You place a set of cards down.
At this time the probability the first card is a good card is: 8/48

Now, the scenario question is the first txo cards are wrong ones.
So before looking at the third card you know txo things:
46 cards remain
8 cards are good (given that there was no good cards in the 1st and 2nd place)
So the probability the third one is a good card is: 8/46=4/23

@sudhir3127 #
@pepeprepa

I have a doubt guys
..when its not given in the question nethg about replacement.. do we have to assume it "without replacement"??

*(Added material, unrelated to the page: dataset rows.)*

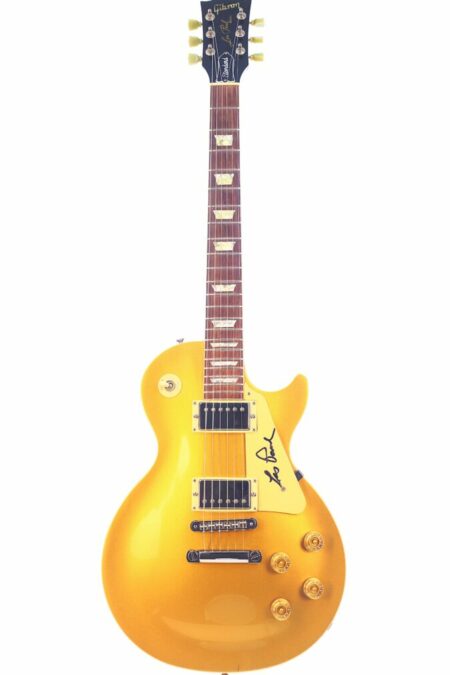 A Gibson Les Paul Standard 1989 Electric Guitar in gold with a single-cutaway body, white fretboard inlays, control knobs, and a black autograph near the pickups.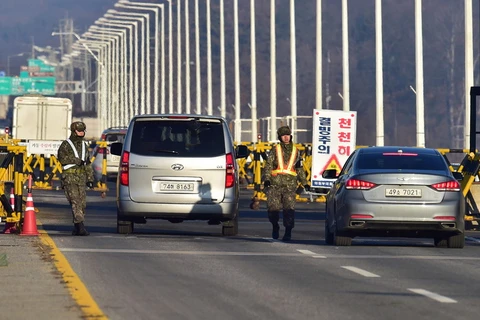 Các phương tiện đi qua trạm kiểm soát biên giới ở Paju, gần Khu phi quân sự giữa hai miền Triều Tiên để tới Khu công nghiệp chung Kaesong ngày 8/1/2016. (Ảnh: AFP/TTXVN)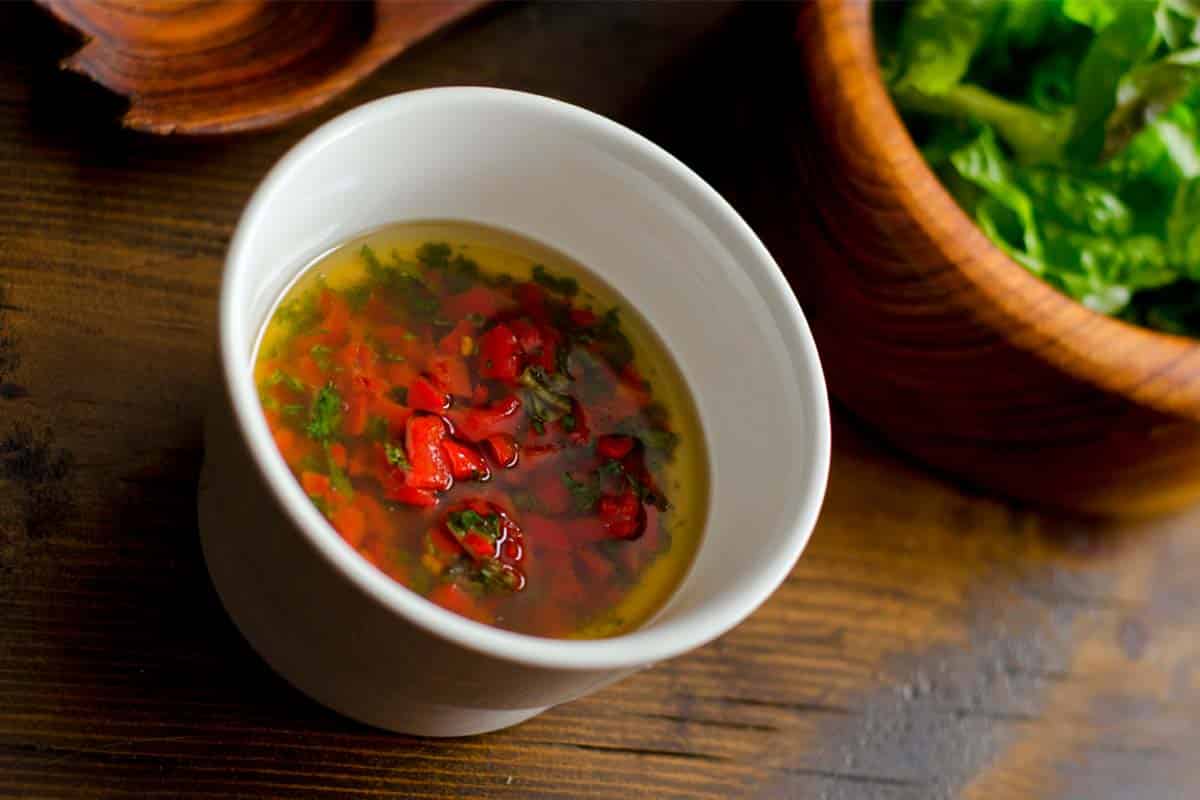 overhead view of Roasted chilli dressing in a ramekin on a wood table with ingredients in the background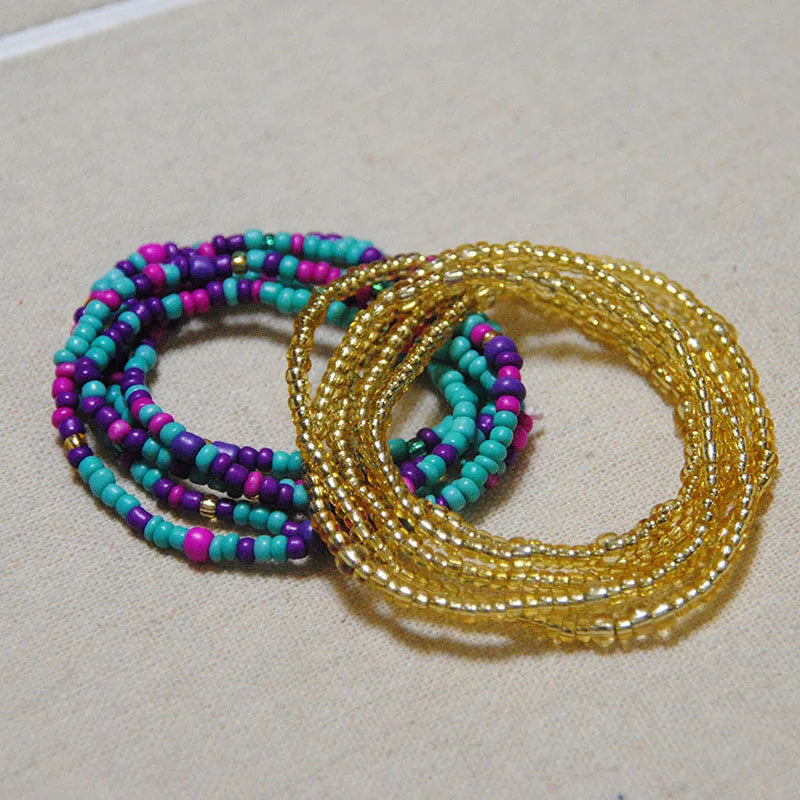 A collection of colorful belly bead chains featuring purple, pink, and turquoise beads.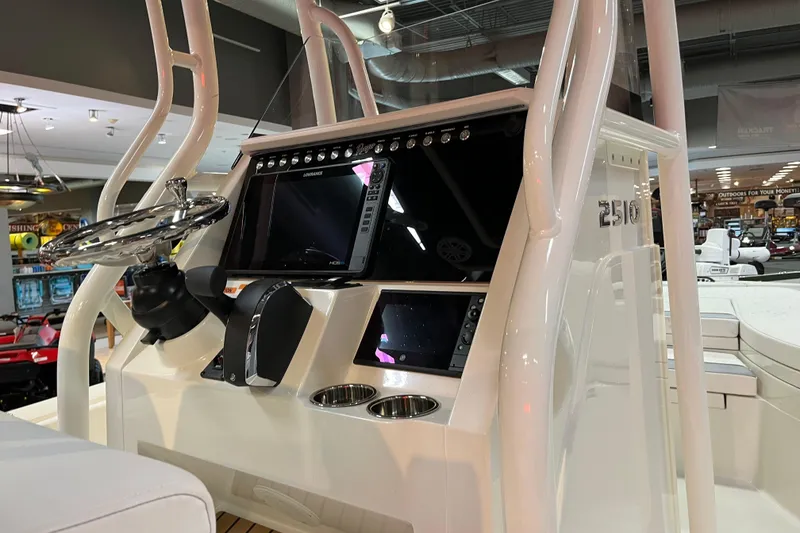 Slide: The Image of 2026 Ranger 2510 Bay boat console with steering wheel and electronic displays. - 7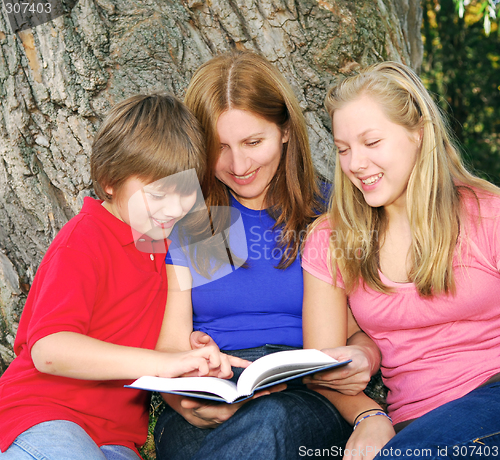 Image of Family reading a book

yeah ,, i have done lotof problem where nothing is specified abt replacement and its assumed that its " without replacement"

hope it helps u !!

here is my method:

8 good...48 possible

1st 2 card not good....leaves with prob of 8 good/46 avail
reduce you get 4/23

this is the first time, I see a question that's solve like this,


usually, if it is asking the probability of having the frist two cars not shares of stock, and thrid car is shares of stock

I would solve it like this:

40/48*39/47*8/46

but for some reason, I just no quite fitting my mind to this quesiton yet

The question is targeted at ONLY selecting the 3rd card...the first 2 cards are already selected...so you dont need to consider probability of the first 2 not being shares of stock...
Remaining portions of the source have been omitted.